Saturday, June 19, 2010

Post-Processing

Or why snapshots look all snap-shotty.

There are lots of things that the pros do AFTER they press the shutter. The list of things the pros do to their image, which wasn't badly exposed in the first place, goes something like this:

White balance. If shot in RAW, the white balance can and should be tweaked. Auto white balance is not the ideal.

Exposure. But it wasn't badly exposed! The pros are fine tuning things like fill and recovery, to get the exposure at the extremes to be better.

Color. Is the sky a sky blue or an overcast gray? Are the skin tones human?

Lens corrections. Even spending big bucks for a lens does not mean that you won't have pincushion, barrel, or perspective distortions.

Sharpen. To recover the edges that have been mucked up by anti-aliasing. The more I know about anti-alias, the less I like it.

Contrast. Because thin is not a good thing. And often, contrast gets adjusted again after a different adjustment is made.

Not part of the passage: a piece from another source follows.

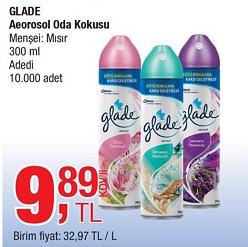 Glade Aerosol Oda Kokusu 300 ml image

Remove things. Not 'Photoshopping' out that extra person, but removing things like noise adjustments that aren't needed or wanted. Did the camera adjust the vibrance? It's gotta go.

It goes without saying, but I am saying it anyway, all these edits are done to a COPY of the original image. And the list can and will change for each photographer. It depends on the order in which they like to work, the type of photos they are taking, and if they are producing hundreds, like a wedding photographer, or a handful, like a landscape photographer.